Mixtures of polymer electrolytes and ionic liquids

Solid polymer electrolytes have many advantageous properties such as very high energy density and convenient mechanical properties. This qualifies them as possible candidates for electrolytes in, e.g., lithium-ion batteries. Unfortunately, solid polymer electrolytes show poor ionic conductivity at room temperature. This problem has been overcome by adding room temperature ionic liquids ILs. Over the years molecular dynamics studies help to understand microscopic dynamics and provide many crucial insights about such systems.
We investigate ion transport mechanisms, their associations and its effect on ionic conductivity via molecular dynamics simulations. So far our analysis is focused on PEO/Li-TFSI/MPPY-TFSI systems. With state of the art force fields experimentally known structures and dynamical quantities (e.g. diffusion coefficients) can be reproduced satisfactorily.

Some key results:

1. Since a Li-cation is coordinated with the polymer host, its transport properties are intimately connected with the polymer dynamics. We have identified three key Li transport mechanisms associated with distinct time scales: (i) intrachain motion along a chain (time scale τ1); (ii) polymer-segment motion translating the cation together with the polymer chain (time scale τ2, basically corresponding to the Rouse time); (iii) interchain hopping from one chain to another (time scale τ3). The resulting transport model can be solved analytically, reproducing simulation as well as experimental results.
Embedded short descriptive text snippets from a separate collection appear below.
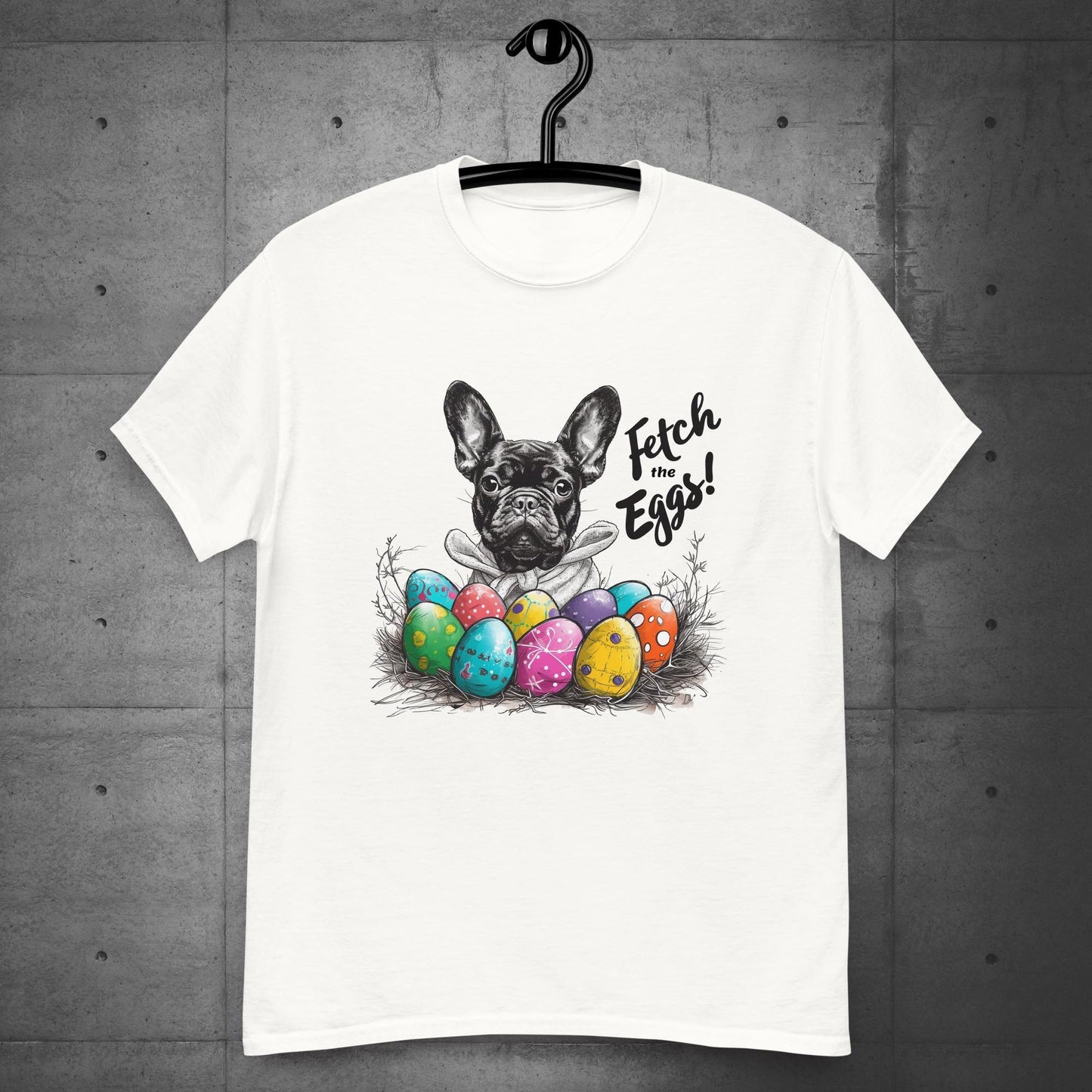 French Bulldog Fetch the Eggs Unisex T-Shirt - Frenchie Emporium
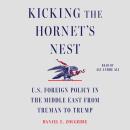 Kicking the Hornet's Nest: U.S. Foreign Policy in the Middle East from Truman to Trump Audiobook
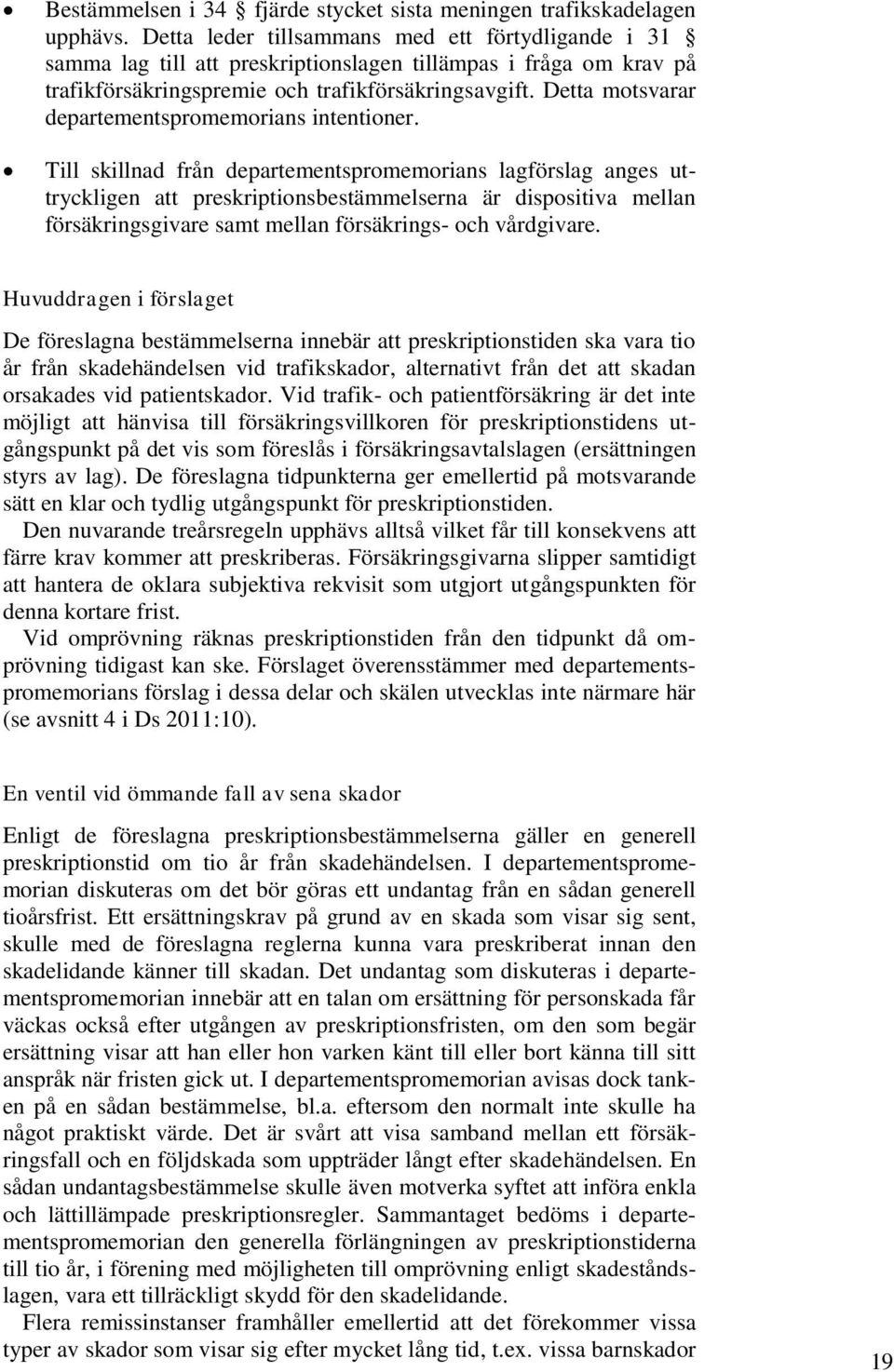 Detta motsvarar departementspromemorians intentioner.
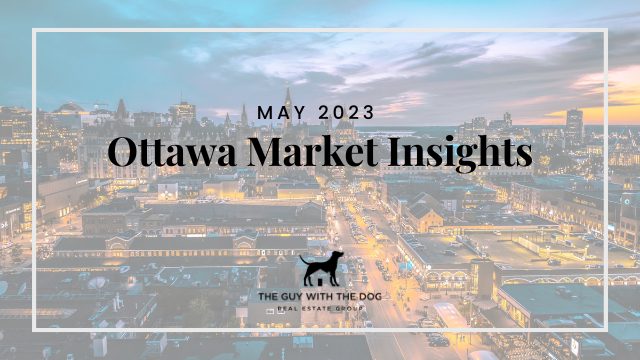 Ottawa Market Insights – May 2023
2. ILs enhance the Li-diffusion by increasing the segment mobility of the host chain, that is, τ2 becomes shorter with higher IL-concentration. The key contribution of ILs is to prevent polymer crystallisation that results in high ionic conductivity at room temperature.





Ionic liquids

Mixture of ionic liquids and lithium salts

Ionic liquids are a new class of materials. They have very promising properties for many applications, but only a few ionic liquids are well characterized until now. Despite the macroscopic characterization like diffusion coefficients, the microscopic properties are still not well unterstood. The advantages of this class include properties like low melting points, no significant vapor pressure and high dissolution power because of their electric charge.

In a collaboration with Stefano Passerini (KIT) and Oleg Borodin (U. S. Army Research Laboratory) we investigate via experimental and simulation techniques the transport properties of ionic liquids doped with lithium salts. As ionic liquids we use two different cations N-ethyl-N-methyl-imidazolium (emim) and lithium ions and two kinds of anions, namely bis(fluoro-sulfonyl)-imide (FSI) and bis(trifluoromethane-sulfonyl)-imide (TFSI). We are interested in different compositions of the anions and the influence on transport properties.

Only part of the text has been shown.